Oppo drops a 3,000mAh sealed battery into the Oppo R11, which should be enough for a day's decent usage. For the most part that's true, although on some days I did notice it starting to dip dangerously as the day went on. However, battery usage figures are remarkably variable, given that we all use our phones different ways on different days.
Given the R11's close resemblance to the Apple iPhone family, I had rather hoped that the one feature that Oppo wouldn't bring across would be battery life. Sadly, it appears that this is pretty much what it has done. Here's how the Oppo R11 compared using the older Geekbench 3 battery test against that same field of mid-range contenders.
|Handset||Geekbench 3 Battery Test Duration||Geekbench 3 Battery Score|
|Samsung Galaxy A7||12:40:30||7603|
|Motorola Moto Play Z 2||11:50:50||7107|
|Motorola Moto G5 Plus||11:15:40||6756|
|ZTE Axon 7||7:56:20||4763|
|Oppo R9s Plus||6:14:20||3484|
|Apple iPhone SE||4:27:10||2671|
By way of direct comparison, an iPhone 7 running the same test manages 7:50:10 with a battery score of 4701, which is eerily similar. While the Oppo R11 is considerably less expensive than an iPhone, the fact remains that there are other options open to you in the mid-range space that manage their battery life markedly better than the Oppo R11.
It is worth mentioning that the Oppo R11 does support Oppo's own in-house rapid charging solution, VOOC. Plug the Oppo R11 into a VOOC charger and its battery capacity will rapidly whoosh upwards, although it is predictably slower with other chargers.

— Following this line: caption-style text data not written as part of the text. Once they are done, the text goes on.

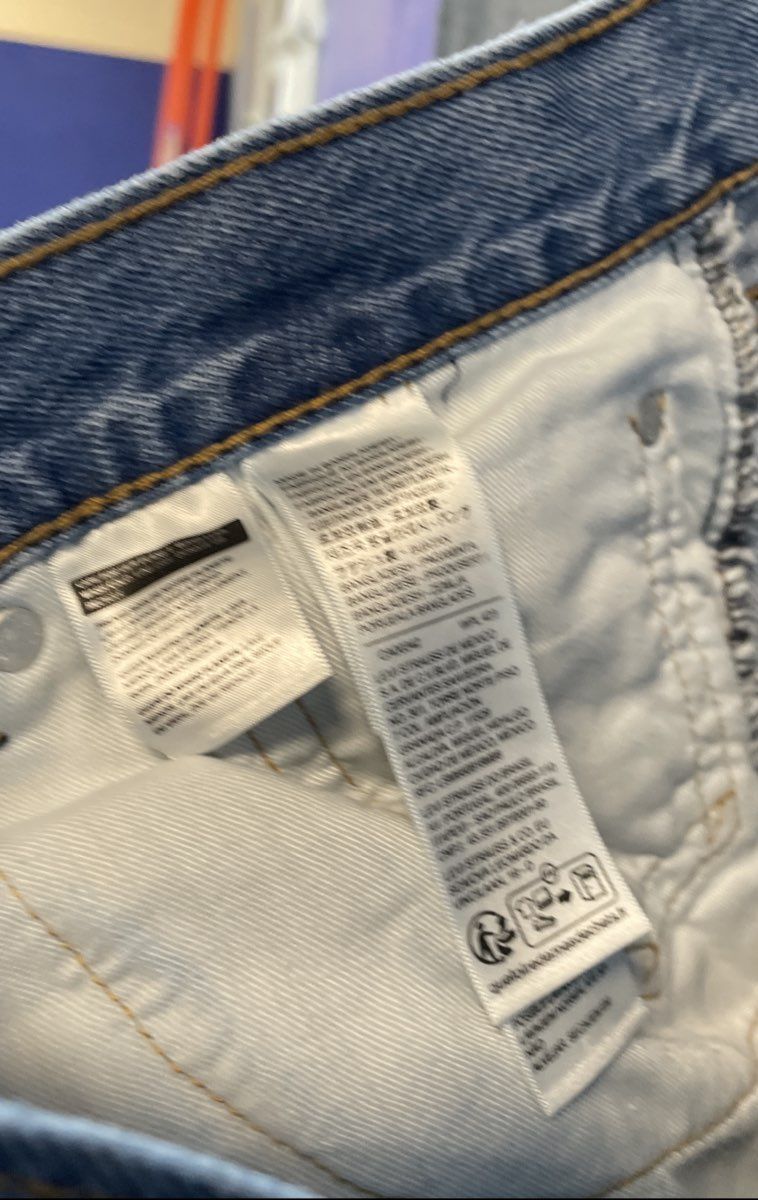 Levi's Men's 578 Baggy Light Wash Blue Denim Jeans Sz 38x32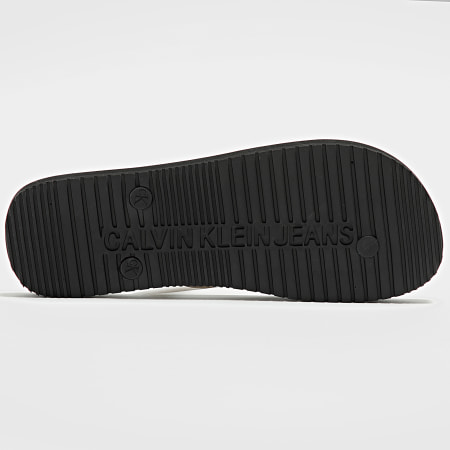 Calvin Klein - Infradito Sandalo da spiaggia Monogram 0055 Nero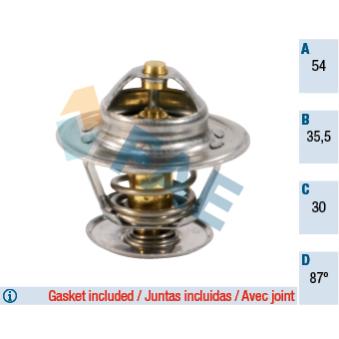 Thermostat d'eau FAE OEM 81TF8575DA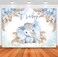 Sensfun Boho Elephant Baby Shower Backdrop for Boy Blue Pampas Grass Its a Boy Elephant Little Peanut Baby Shower Decorations Photography Background Cake Table Photoshoot Props 7x5ft
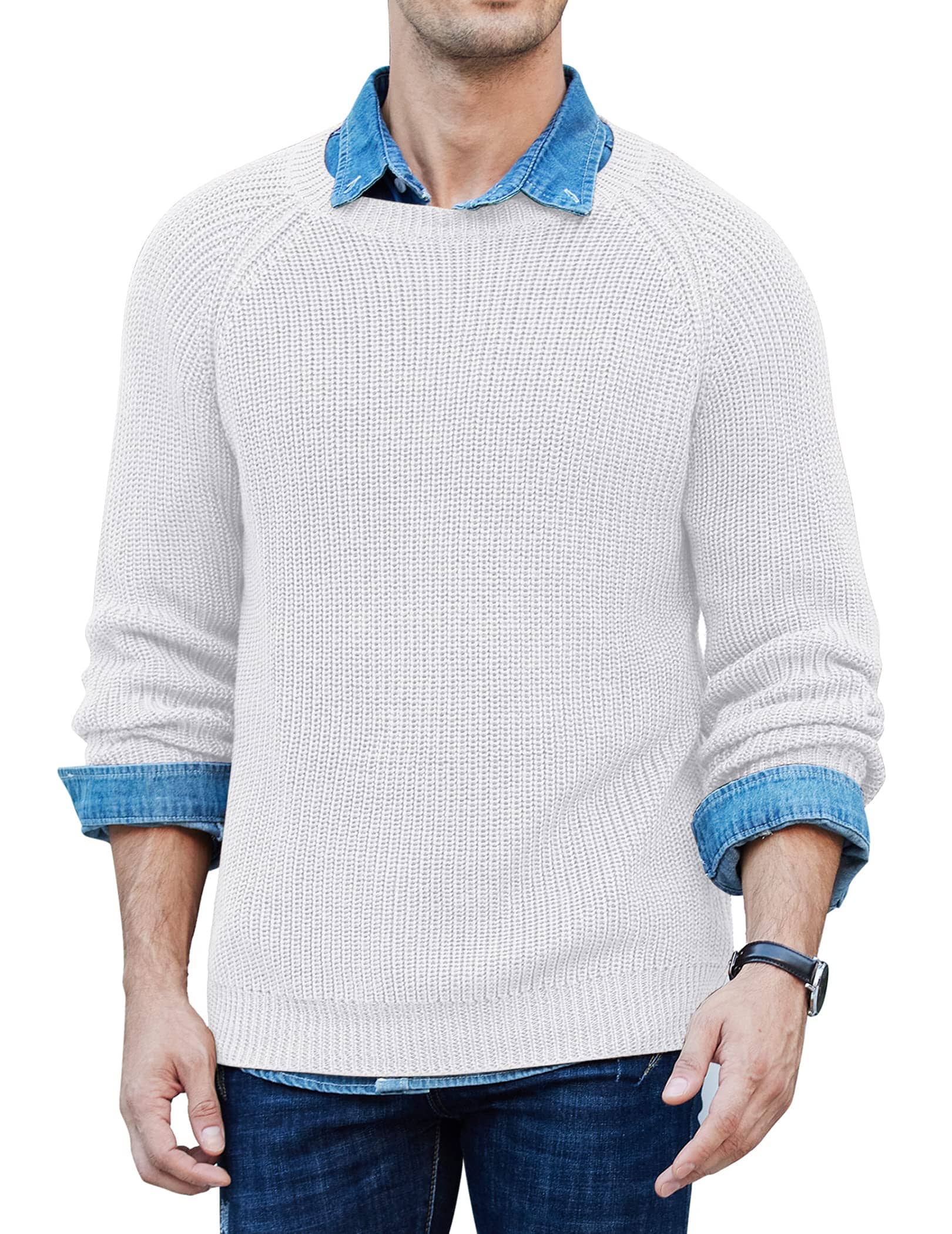 Crew Neck Slim Fit Knitted Pullover Sweater (US Only) - Image 3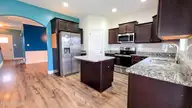 2007 Snapper Street, New Bern, NC 28562 — 4-bedroom home in Bluewater Rise, New Bern, NC, photo 8 of 31: 8 Kitchen w Island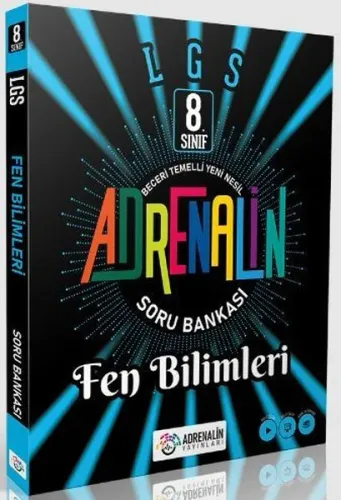 Adrenalin Yayınları 8. Sınıf LGS Fen Bilimleri Soru Bankası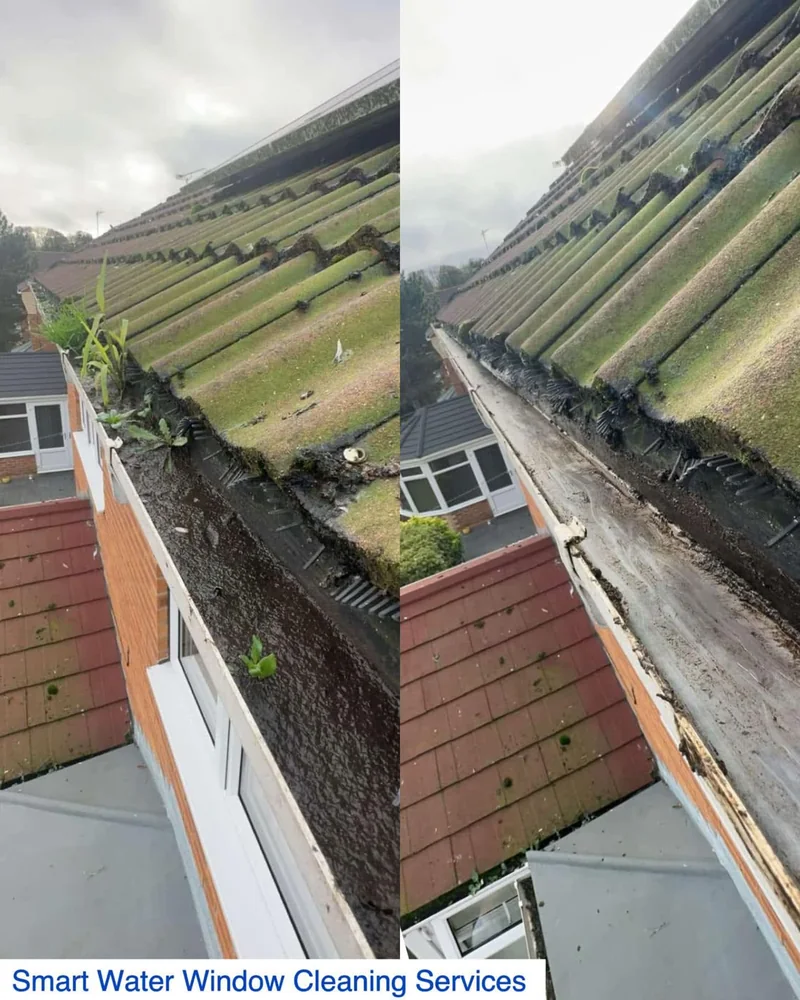 Gutters before and after, Smart Water Doncaster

The R11 is Oppo's 2017 flagship phone, at least until we see a handset with that promised 5x optical zoom lens built in. Its approach to flagships is still very much in line with its general company vision, which has to do with offering lower cost and more affordable handsets, and that brings some compromises with it.
The style of the R11 is unashamedly that of the iPhone, and whether that excites or appals you is a personal matter, but what it does leave you with is a phone that looks quite good in the mid-range space. That shouldn't come as a surprise, given that even budget phones have moved beyond the space where they were nondescript black slabs.

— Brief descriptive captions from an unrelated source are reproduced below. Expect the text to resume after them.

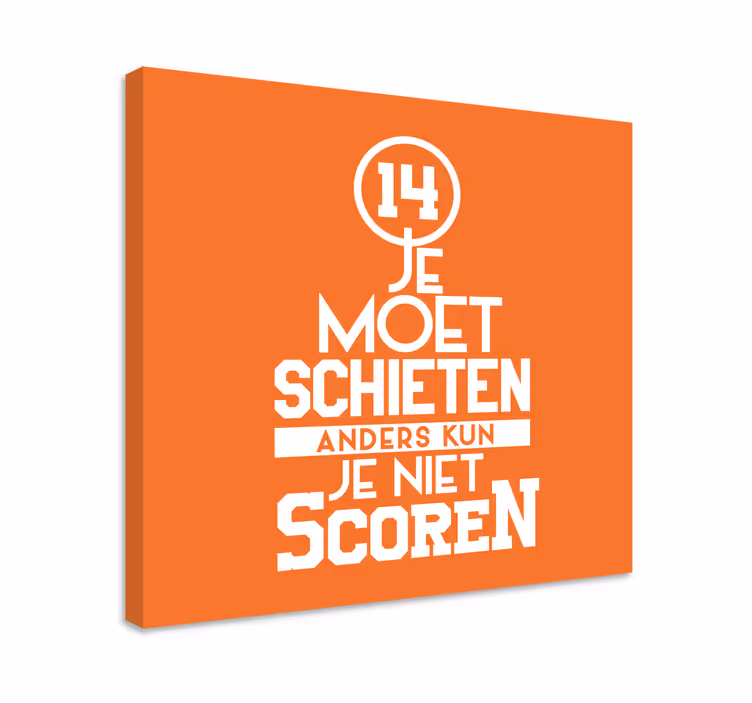 Canvas schilderij uitspraken Johan Cruijff - TenStickers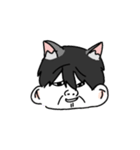 猫耳の生えたやつ。（個別スタンプ：19）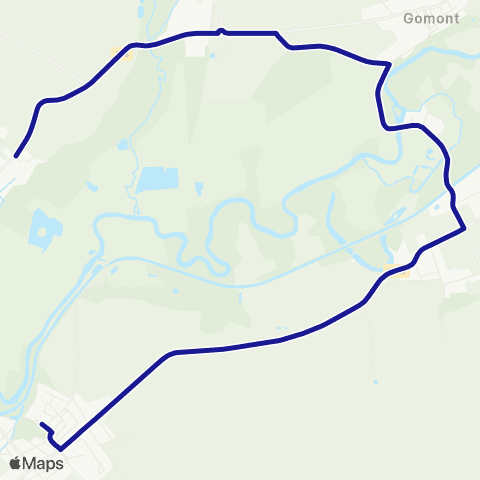 Fluo 08 Juzancourt / Asfeld map
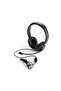 Computer headset, 3.5mm jack, suitable for online courses, with noise cancellation function, portable professional voice headset. - 2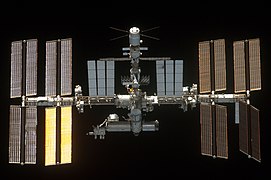 ISS from Endeavour STS-134 after undocking (30 May 2011)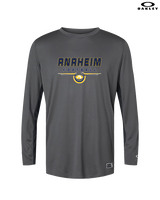 Anaheim HS Football Design - Mens Oakley Longsleeve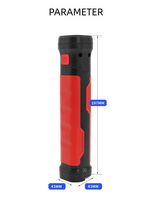 Wason nouveau professionnel extensible magnétique lumière de travail Rechargeable interrupteur pliable XPE + COB travail lampe torche lampe torche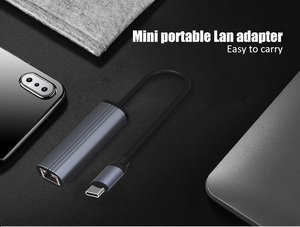 USB 3.1 Typ C zu RJ45 Gigabit 1000M Ethernet Netzwerk adapter für Laptops Tablets Telefone mit PD100W - Product Image 5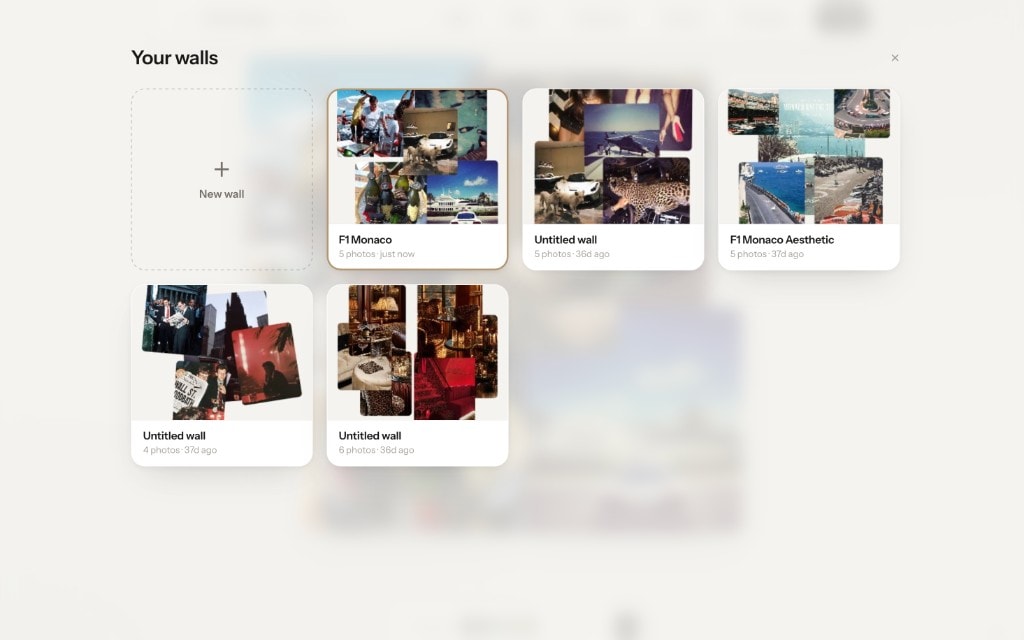 Chia Your walls dashboard with F1 Monaco and other moodboard collections.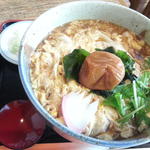 紀州梅とじそば(朝日屋)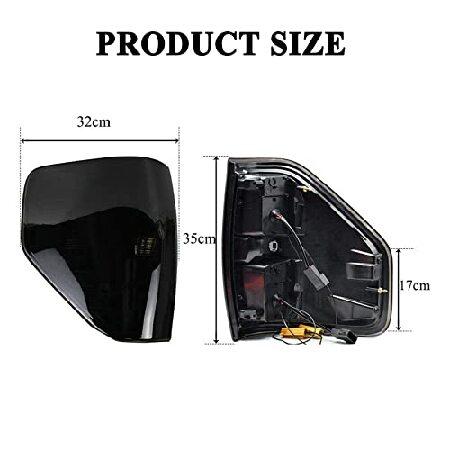 YUFANYA LED Tail Lights For 2009-2014 Ford F150，Full LED Design Smoked Tail Lights Assembly Black Housing Brake Reverse Lights， Driver ＆Passenger Sid_5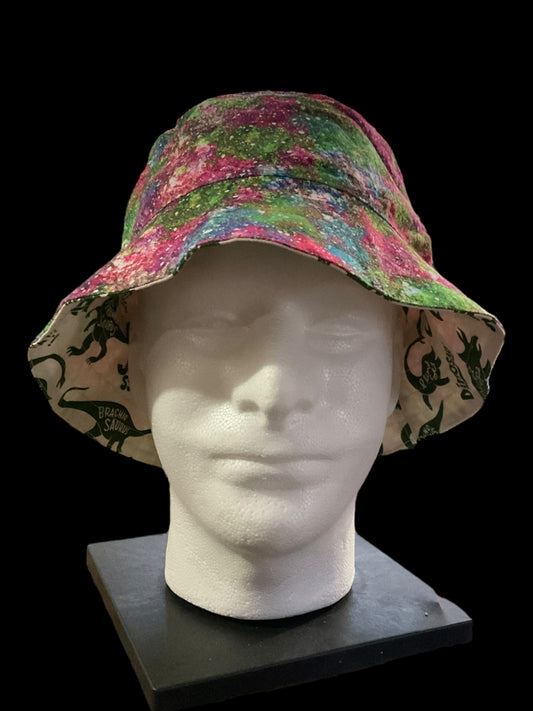 reversible bucket hat - galaxy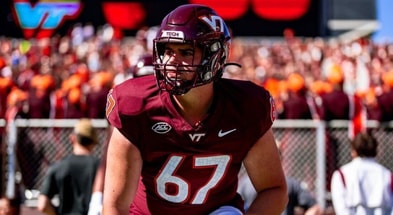 Virginia Tech offensive lineman Hannes Hammer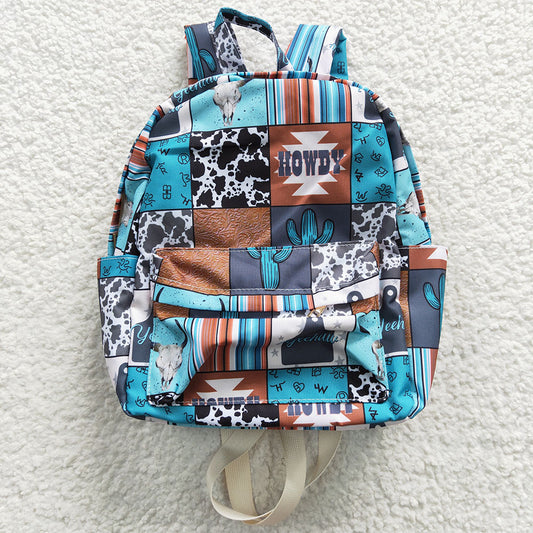 Baby Kids Children Howdy Patchwork Western Back Bags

On the processor front, the Oppo R11 punches above its price point in performance terms, tempered a little by the quirks of ColorOS. Again, if you're coming from iOS to the R11 they might be welcome additions, while heavy Android users are likely to loathe them a little more.
The camera, likewise, apes that of the iPhone 7 Plus at a fraction of the price and is easily one of the best options in its price class for still photography. Video was decent at 1080p, although that 4K overheating issue is a potential worry.
What that leaves you with is a device that, while it has its compromises, offers an overall great bang for buck equation.
The Oppo R11 will go on pre-sale in Australia from 1 August 2017, and general sale from 7 August 2017 for an outright price of $649. At this stage, there are no announcements of carrier partners, although if history is any guide, it could well show up at Woolworths Mobile or possibly Optus.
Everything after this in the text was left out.